Letters from the People

Zander Galerie is pleased to present an exhibition of selected works from Lee Friedlander’s acclaimed series Letters from the People. Born in 1934, Friedlander is regarded as one of the most influential photo­graphers of our time and a keen chronicler of the American way of life. His distinctive visual language defies formal conventions, transforming the everyday cacophony of modern life into new aesthetic structures. Through numerous exhibitions—including the seminal New Documents show at the Museum of Modern Art in New York in 1967 alongside Diane Arbus and Garry Winogrand—and through major international retrospectives, Friedlander’s work has profoundly shaped our understanding of subjective documentary photography.

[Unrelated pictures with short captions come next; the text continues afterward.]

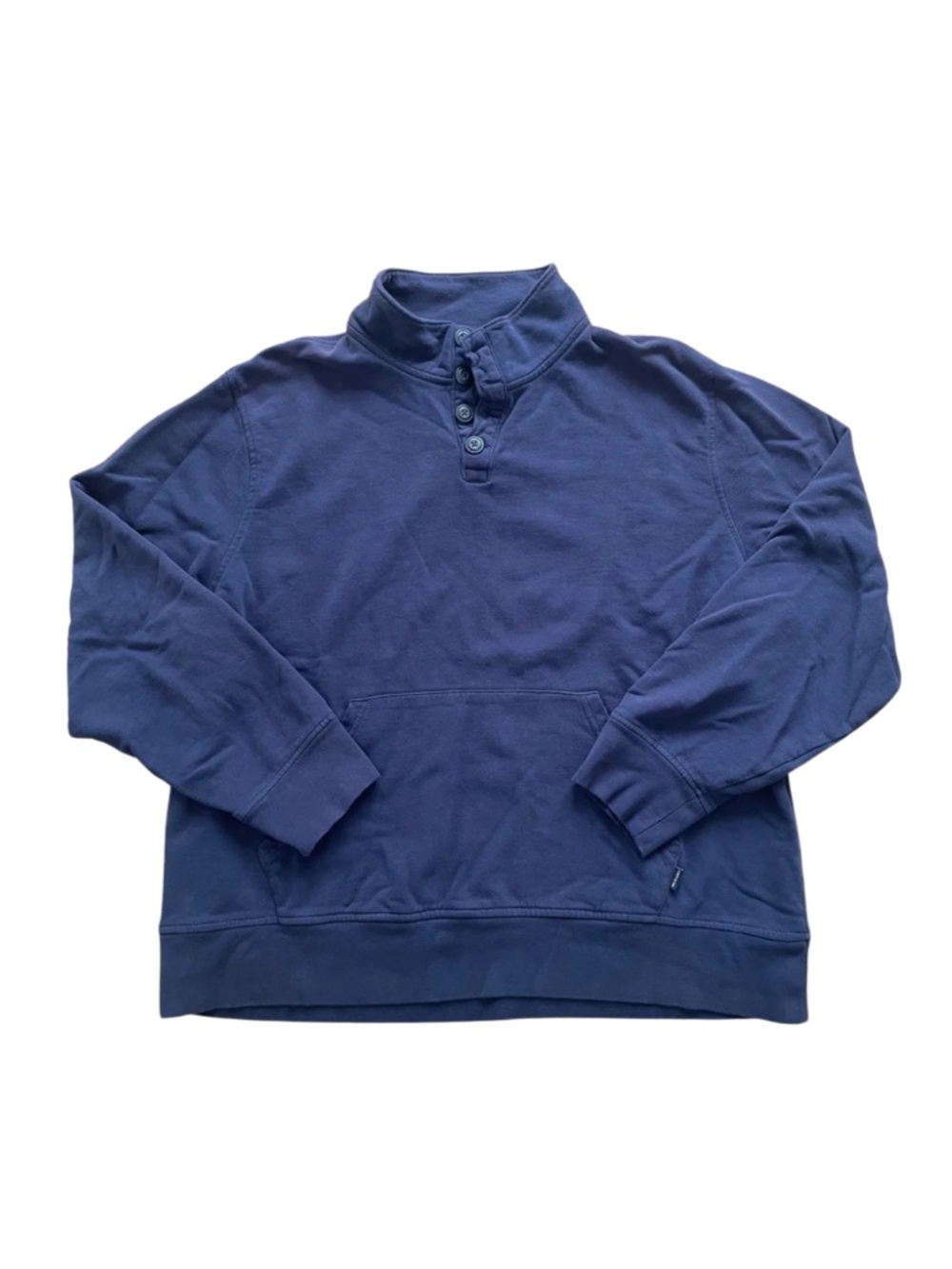 Lucky Brand, Navy Button-Neck Pullover Sweatshirt, Men XL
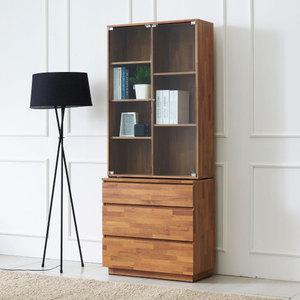 방친구 라떼 800 서랍셋 책장 유리도어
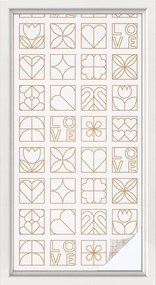 Ablakfólia öntapadós Adatvédelem Geometrikus szerelem 50x100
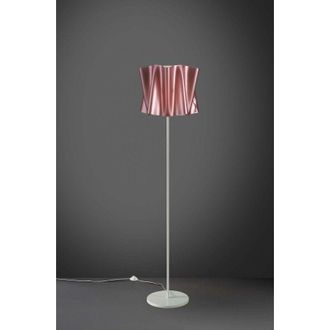 Linea Zero Base Y Tija De Pie En Metal Pantalla Folio Rosa Di&aacute;metro 40x H164 Cm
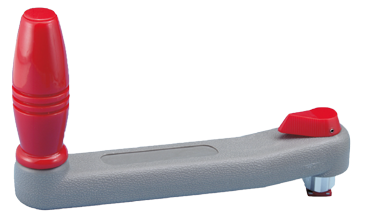 Drijvende winchhandel kunststof met lock, L=254mm - M2500025 72dpi - M2500025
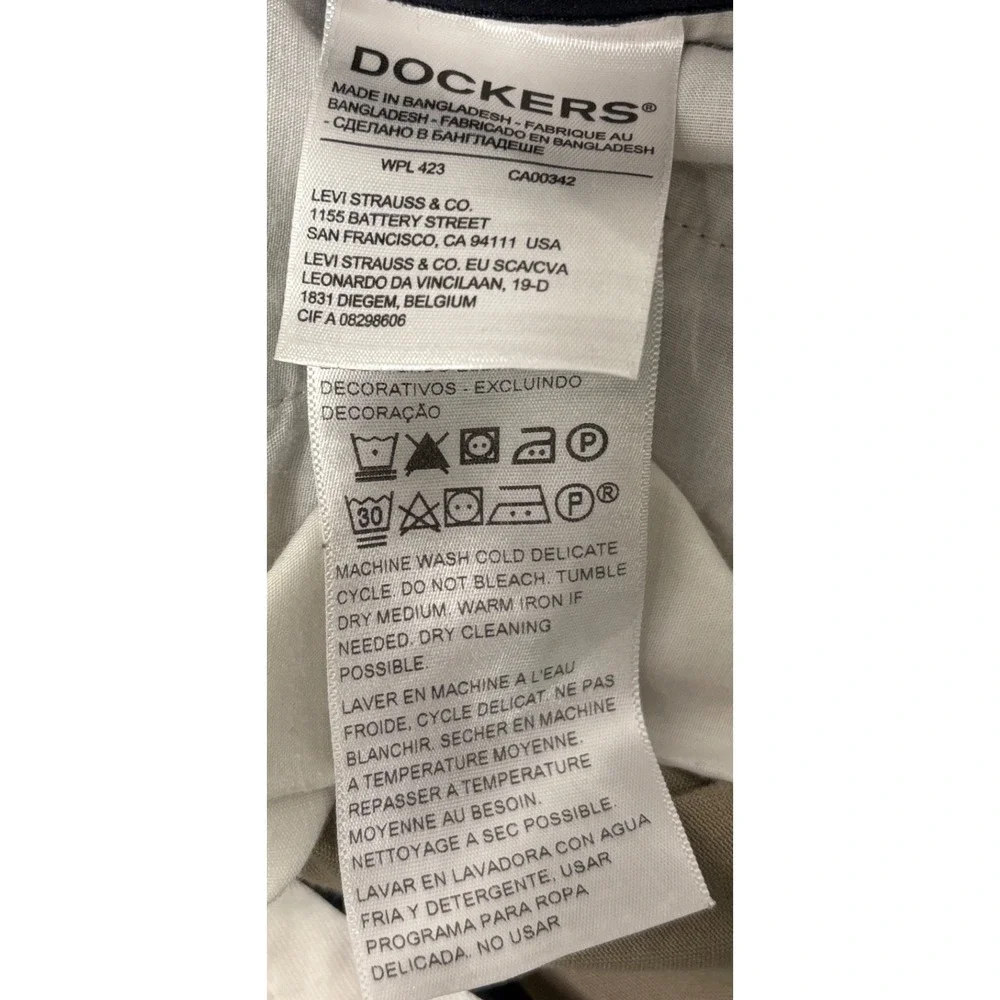 Dockers pleated trousers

The black-and-white photographs in Letters from the People explore the omnipresence of text and language in public space. Whether on shop windows, billboards, street signs, or graffiti, Friedlander turns the written messages that animate urban life into the focus of his artistic inquiry, celebrating the diversity of social expression. His compositions are complex yet strikingly clear. Words and letters often reflect in glass, overlap with passersby or architectural forms, creating a dense visual field that mirrors the simul­taneity of urban perception.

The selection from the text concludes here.